**WHAT YOU WILL DO**
When the line with "実例写真【ホームホワイトニング】" turns up below, begin repeating exactly, and carry on through the line with "ロエヴェ(ROEWE)/ニキビ改善・毛穴ケア・肌質改善"; no pictures go into the copy.

**DATA LISTING**
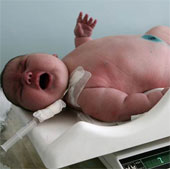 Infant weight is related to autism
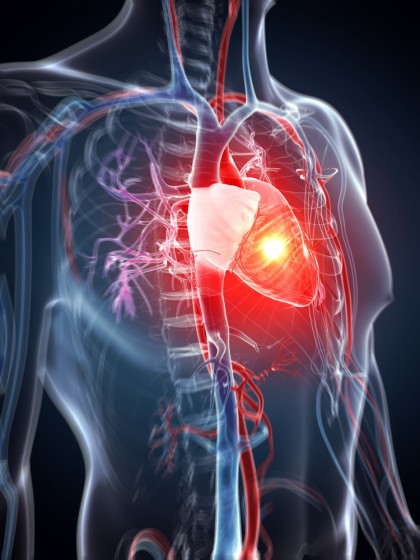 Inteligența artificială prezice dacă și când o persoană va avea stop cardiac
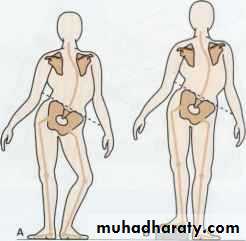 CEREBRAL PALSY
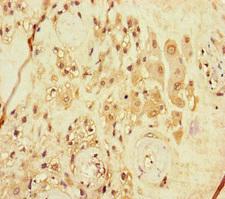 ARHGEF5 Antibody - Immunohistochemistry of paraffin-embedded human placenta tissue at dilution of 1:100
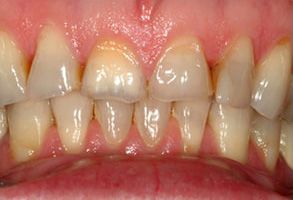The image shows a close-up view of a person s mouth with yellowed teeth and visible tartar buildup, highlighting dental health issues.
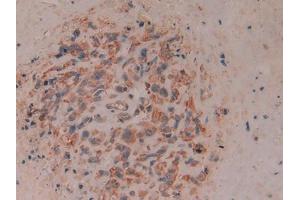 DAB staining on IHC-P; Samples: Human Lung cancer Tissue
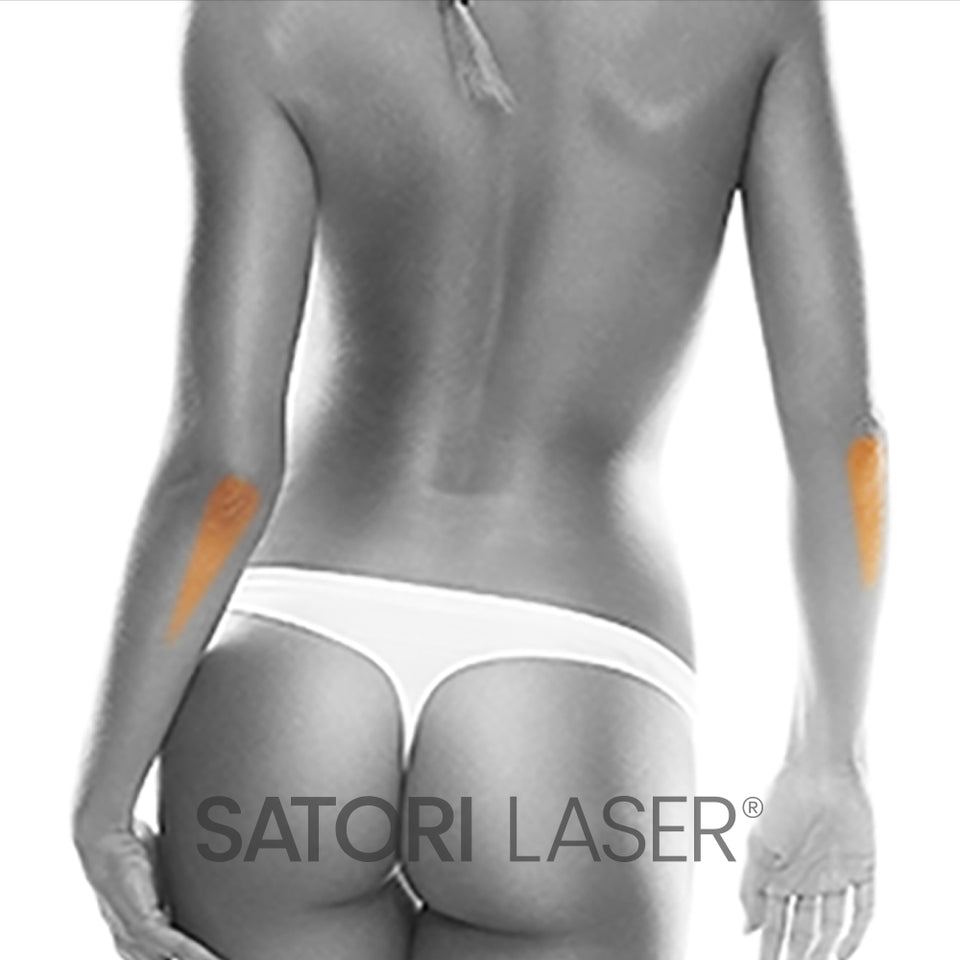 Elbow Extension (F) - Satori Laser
* * *
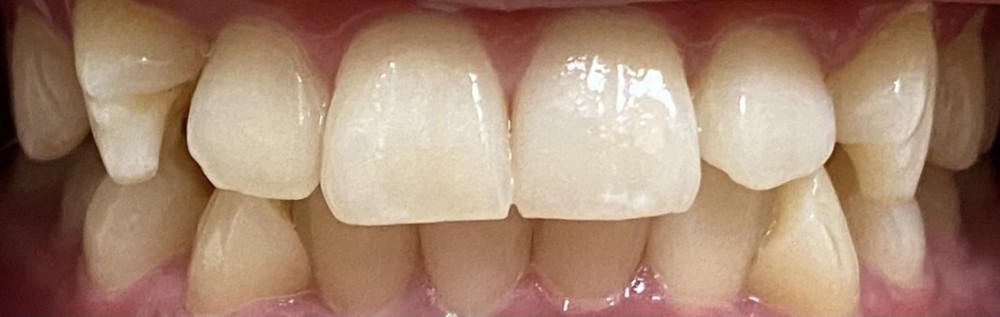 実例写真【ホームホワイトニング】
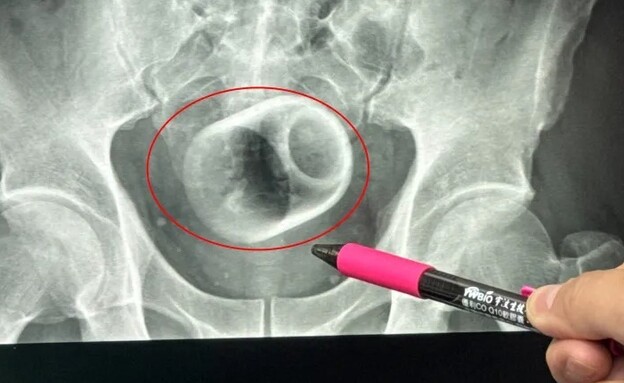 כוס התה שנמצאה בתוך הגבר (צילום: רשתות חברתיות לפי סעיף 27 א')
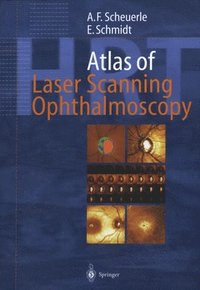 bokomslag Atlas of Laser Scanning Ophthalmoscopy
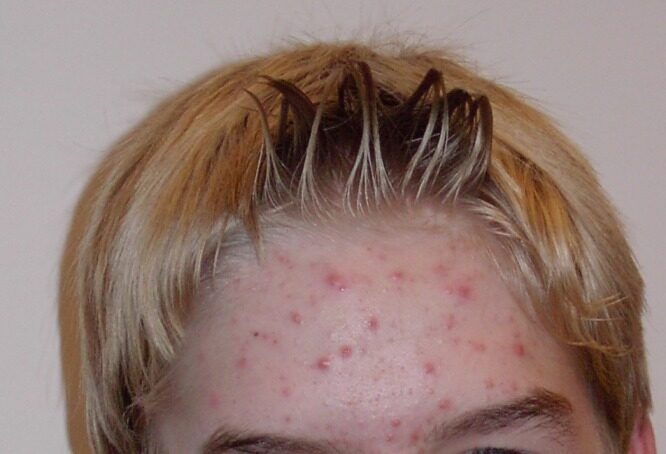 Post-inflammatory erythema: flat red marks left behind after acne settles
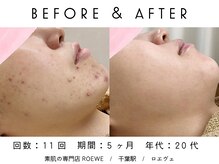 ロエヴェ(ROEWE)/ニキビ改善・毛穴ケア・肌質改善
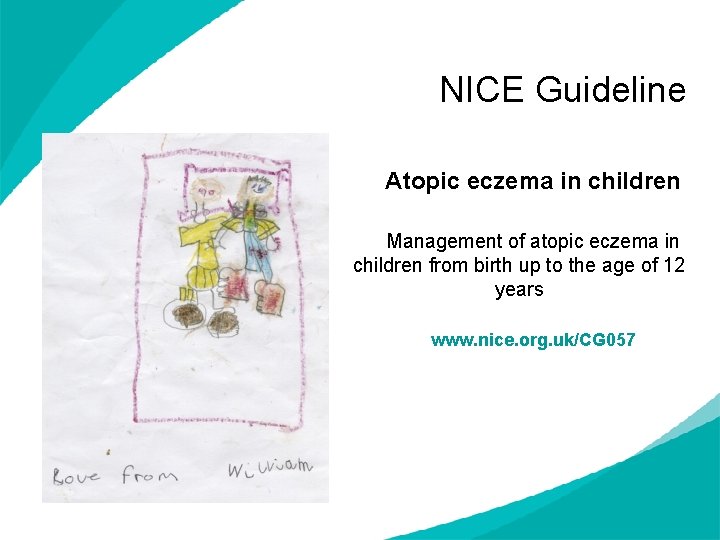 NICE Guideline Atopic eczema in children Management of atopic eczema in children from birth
--
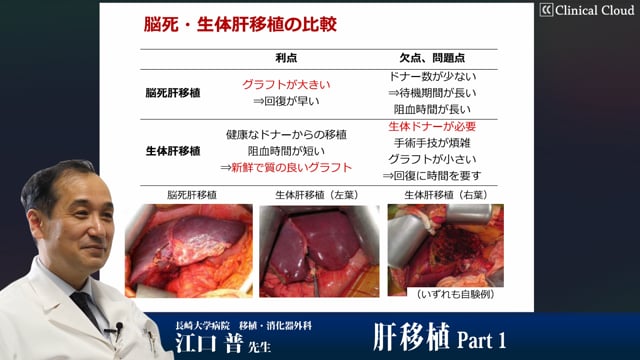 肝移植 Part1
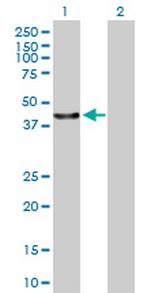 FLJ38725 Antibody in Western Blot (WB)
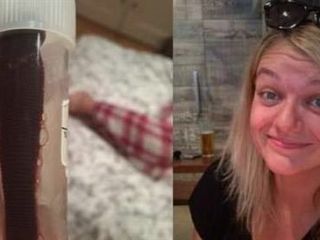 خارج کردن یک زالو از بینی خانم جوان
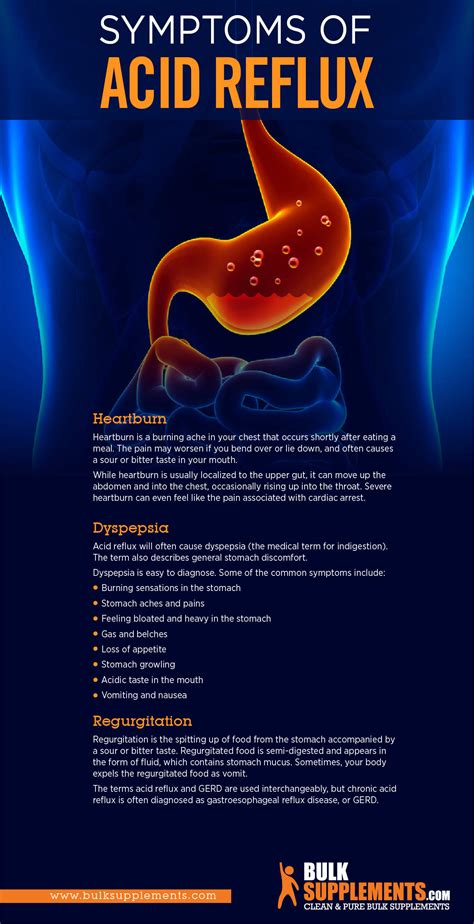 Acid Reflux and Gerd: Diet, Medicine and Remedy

**RESPONSE BELOW**
 実例写真【ホームホワイトニング】
 כוס התה שנמצאה בתוך הגבר (צילום: רשתות חברתיות לפי סעיף 27 א')
 bokomslag Atlas of Laser Scanning Ophthalmoscopy
 Post-inflammatory erythema: flat red marks left behind after acne settles
 ロエヴェ(ROEWE)/ニキビ改善・毛穴ケア・肌質改善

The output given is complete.